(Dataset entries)
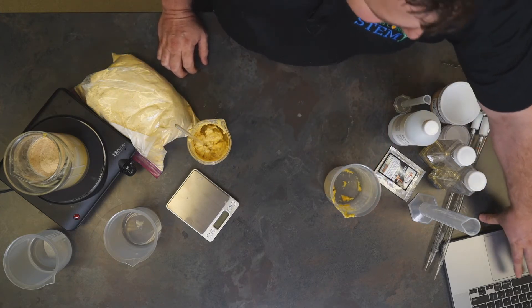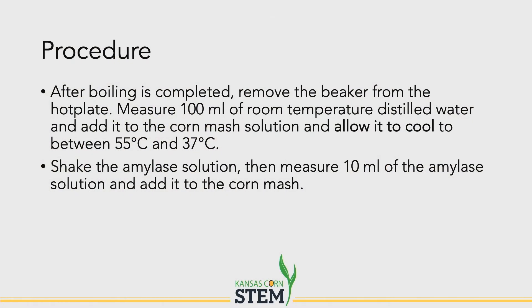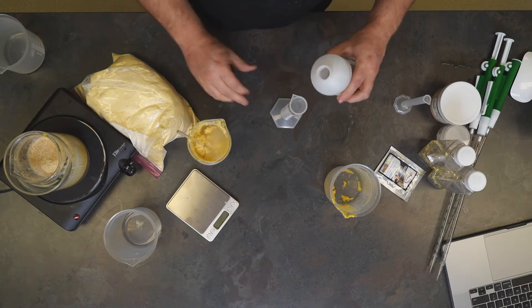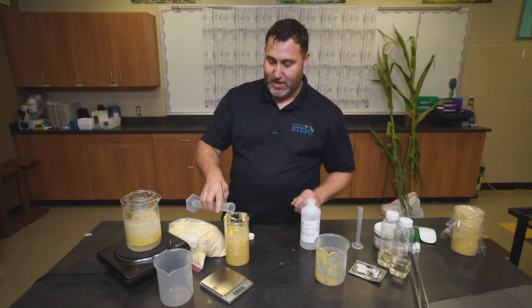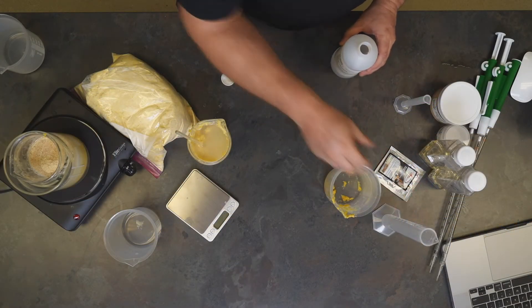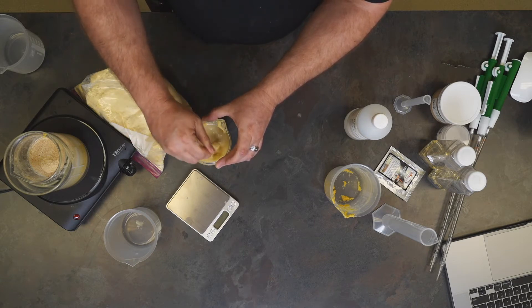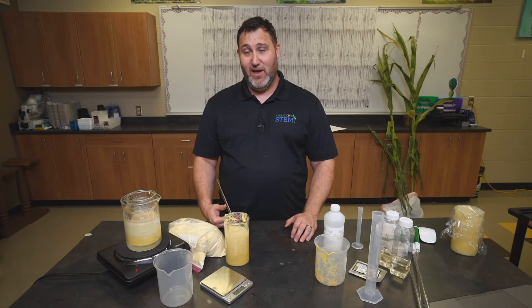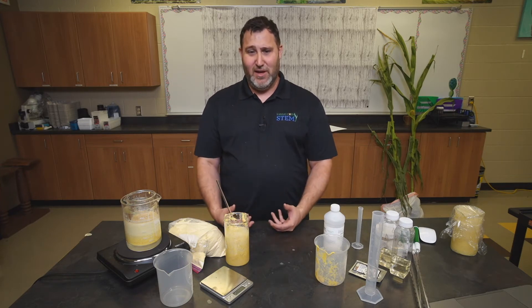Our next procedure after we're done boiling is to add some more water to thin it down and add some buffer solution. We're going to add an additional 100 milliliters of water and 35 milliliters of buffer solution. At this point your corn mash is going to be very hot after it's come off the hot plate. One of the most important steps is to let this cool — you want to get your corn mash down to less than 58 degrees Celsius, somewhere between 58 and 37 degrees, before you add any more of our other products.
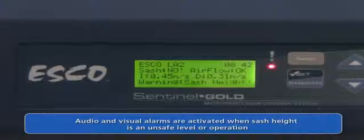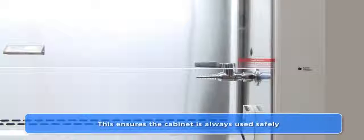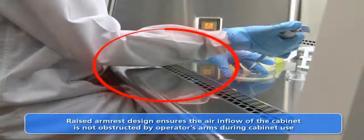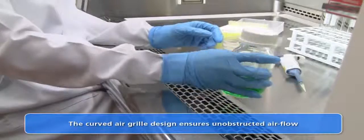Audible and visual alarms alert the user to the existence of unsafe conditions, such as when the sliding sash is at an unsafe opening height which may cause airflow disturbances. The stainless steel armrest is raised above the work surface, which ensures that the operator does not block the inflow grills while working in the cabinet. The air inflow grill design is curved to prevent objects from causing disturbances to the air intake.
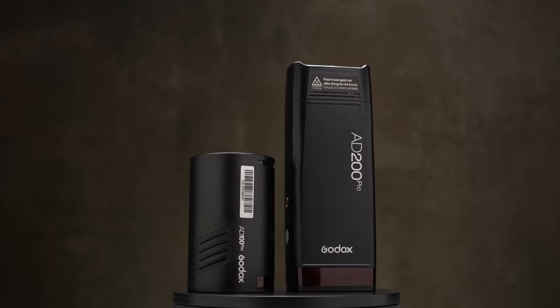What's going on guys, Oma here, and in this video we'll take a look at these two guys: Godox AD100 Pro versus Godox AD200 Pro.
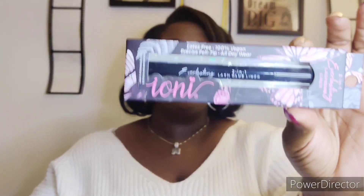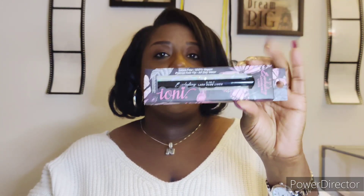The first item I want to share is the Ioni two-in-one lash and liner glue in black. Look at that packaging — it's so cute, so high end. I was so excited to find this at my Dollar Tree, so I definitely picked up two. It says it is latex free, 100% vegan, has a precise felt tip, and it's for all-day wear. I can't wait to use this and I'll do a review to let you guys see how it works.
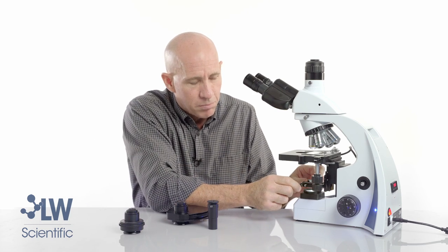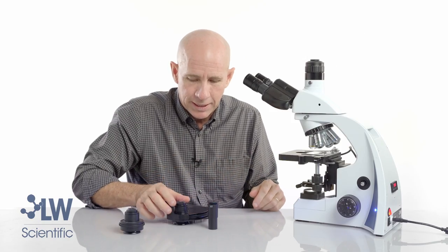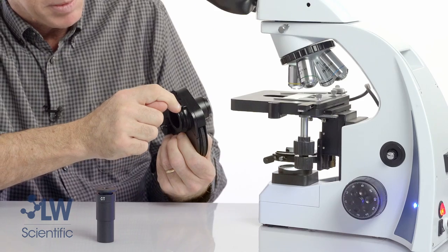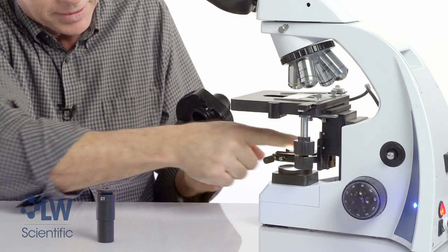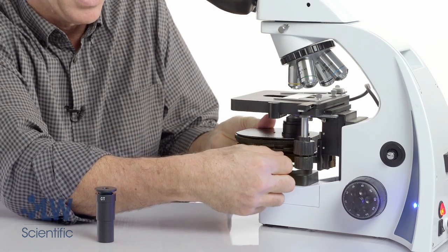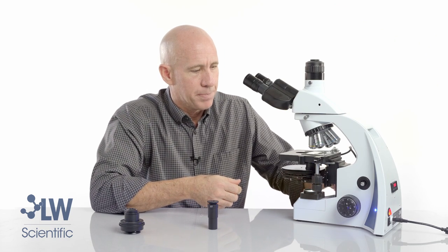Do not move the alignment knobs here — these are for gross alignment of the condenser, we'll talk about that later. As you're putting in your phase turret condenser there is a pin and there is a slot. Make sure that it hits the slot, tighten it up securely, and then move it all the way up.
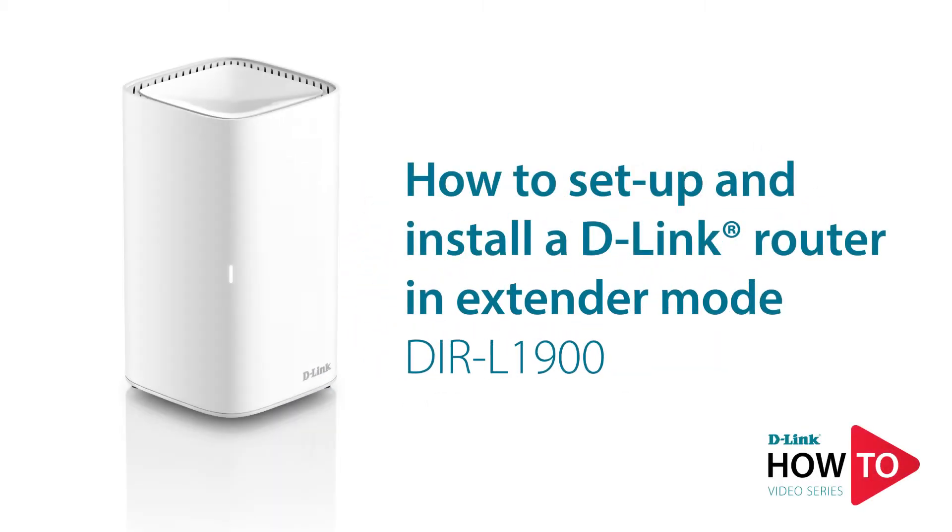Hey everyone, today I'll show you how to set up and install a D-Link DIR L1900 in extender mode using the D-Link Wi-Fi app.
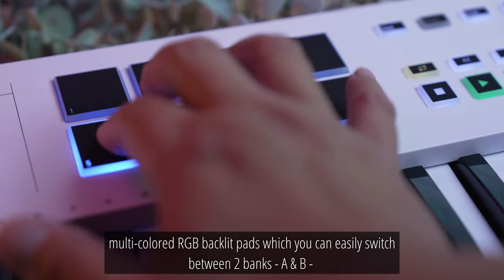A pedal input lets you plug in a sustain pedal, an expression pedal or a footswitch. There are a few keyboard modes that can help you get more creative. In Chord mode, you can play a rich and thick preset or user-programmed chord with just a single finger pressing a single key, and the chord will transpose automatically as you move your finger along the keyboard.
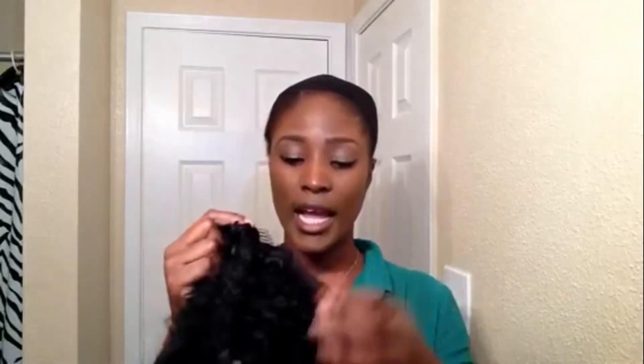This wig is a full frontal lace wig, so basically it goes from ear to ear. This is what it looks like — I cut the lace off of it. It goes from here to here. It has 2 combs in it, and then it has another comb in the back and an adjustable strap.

Your task:
Return the entries above exactly, skipping any images.

Expected answer:
Our next procedure after we're done boiling is to add some more water to thin it down and add some buffer solution. We're going to add an additional 100 milliliters of water and 35 milliliters of buffer solution. At this point your corn mash is going to be very hot after it's come off the hot plate. One of the most important steps is to let this cool — you want to get your corn mash down to less than 58 degrees Celsius, somewhere between 58 and 37 degrees, before you add any more of our other products.
Audible and visual alarms alert the user to the existence of unsafe conditions, such as when the sliding sash is at an unsafe opening height which may cause airflow disturbances. The stainless steel armrest is raised above the work surface, which ensures that the operator does not block the inflow grills while working in the cabinet. The air inflow grill design is curved to prevent objects from causing disturbances to the air intake.
What's going on guys, Oma here, and in this video we'll take a look at these two guys: Godox AD100 Pro versus Godox AD200 Pro.
The first item I want to share is the Ioni two-in-one lash and liner glue in black. Look at that packaging — it's so cute, so high end. I was so excited to find this at my Dollar Tree, so I definitely picked up two. It says it is latex free, 100% vegan, has a precise felt tip, and it's for all-day wear. I can't wait to use this and I'll do a review to let you guys see how it works.
Do not move the alignment knobs here — these are for gross alignment of the condenser, we'll talk about that later. As you're putting in your phase turret condenser there is a pin and there is a slot. Make sure that it hits the slot, tighten it up securely, and then move it all the way up.
Hey everyone, today I'll show you how to set up and install a D-Link DIR L1900 in extender mode using the D-Link Wi-Fi app.
A pedal input lets you plug in a sustain pedal, an expression pedal or a footswitch. There are a few keyboard modes that can help you get more creative. In Chord mode, you can play a rich and thick preset or user-programmed chord with just a single finger pressing a single key, and the chord will transpose automatically as you move your finger along the keyboard.
This wig is a full frontal lace wig, so basically it goes from ear to ear. This is what it looks like — I cut the lace off of it. It goes from here to here. It has 2 combs in it, and then it has another comb in the back and an adjustable strap.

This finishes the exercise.